**Work required:** Please reproduce verbatim the lines below, from the first through the one with "Natural Health – December 2021 Cover".

-- Given data follows --

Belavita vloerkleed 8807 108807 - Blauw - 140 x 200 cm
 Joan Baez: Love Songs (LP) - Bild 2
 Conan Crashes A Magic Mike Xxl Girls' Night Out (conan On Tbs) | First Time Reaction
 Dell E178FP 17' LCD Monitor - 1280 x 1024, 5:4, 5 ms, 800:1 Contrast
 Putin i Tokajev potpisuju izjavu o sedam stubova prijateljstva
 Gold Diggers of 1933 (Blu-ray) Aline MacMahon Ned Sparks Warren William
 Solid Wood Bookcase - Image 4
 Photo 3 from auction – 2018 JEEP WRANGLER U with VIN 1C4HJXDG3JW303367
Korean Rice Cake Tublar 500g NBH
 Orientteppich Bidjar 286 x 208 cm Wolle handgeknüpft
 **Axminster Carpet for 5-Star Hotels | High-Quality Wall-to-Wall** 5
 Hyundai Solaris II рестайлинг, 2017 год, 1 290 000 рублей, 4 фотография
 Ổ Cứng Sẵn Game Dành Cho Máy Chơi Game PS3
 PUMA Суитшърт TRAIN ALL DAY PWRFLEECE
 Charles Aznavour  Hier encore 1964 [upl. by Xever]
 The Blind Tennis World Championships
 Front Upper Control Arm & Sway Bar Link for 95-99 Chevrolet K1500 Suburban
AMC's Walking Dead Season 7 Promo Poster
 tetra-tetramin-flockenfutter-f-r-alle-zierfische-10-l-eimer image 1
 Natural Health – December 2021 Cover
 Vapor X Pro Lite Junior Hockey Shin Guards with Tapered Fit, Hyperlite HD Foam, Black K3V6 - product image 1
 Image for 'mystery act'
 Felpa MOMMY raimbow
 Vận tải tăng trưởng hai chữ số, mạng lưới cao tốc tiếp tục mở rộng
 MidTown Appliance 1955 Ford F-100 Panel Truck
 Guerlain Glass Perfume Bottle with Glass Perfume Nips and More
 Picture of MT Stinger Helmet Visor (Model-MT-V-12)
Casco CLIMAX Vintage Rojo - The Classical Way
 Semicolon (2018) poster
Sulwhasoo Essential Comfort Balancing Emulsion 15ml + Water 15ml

-- Given data concluded --

**Exercise answer:**
Belavita vloerkleed 8807 108807 - Blauw - 140 x 200 cm
 Joan Baez: Love Songs (LP) - Bild 2
 Conan Crashes A Magic Mike Xxl Girls' Night Out (conan On Tbs) | First Time Reaction
 Dell E178FP 17' LCD Monitor - 1280 x 1024, 5:4, 5 ms, 800:1 Contrast
 Putin i Tokajev potpisuju izjavu o sedam stubova prijateljstva
 Gold Diggers of 1933 (Blu-ray) Aline MacMahon Ned Sparks Warren William
 Solid Wood Bookcase - Image 4
 Photo 3 from auction – 2018 JEEP WRANGLER U with VIN 1C4HJXDG3JW303367
Korean Rice Cake Tublar 500g NBH
 Orientteppich Bidjar 286 x 208 cm Wolle handgeknüpft
 **Axminster Carpet for 5-Star Hotels | High-Quality Wall-to-Wall** 5
 Hyundai Solaris II рестайлинг, 2017 год, 1 290 000 рублей, 4 фотография
 Ổ Cứng Sẵn Game Dành Cho Máy Chơi Game PS3
 PUMA Суитшърт TRAIN ALL DAY PWRFLEECE
 Charles Aznavour  Hier encore 1964 [upl. by Xever]
 The Blind Tennis World Championships
 Front Upper Control Arm & Sway Bar Link for 95-99 Chevrolet K1500 Suburban
AMC's Walking Dead Season 7 Promo Poster
 tetra-tetramin-flockenfutter-f-r-alle-zierfische-10-l-eimer image 1
 Natural Health – December 2021 Cover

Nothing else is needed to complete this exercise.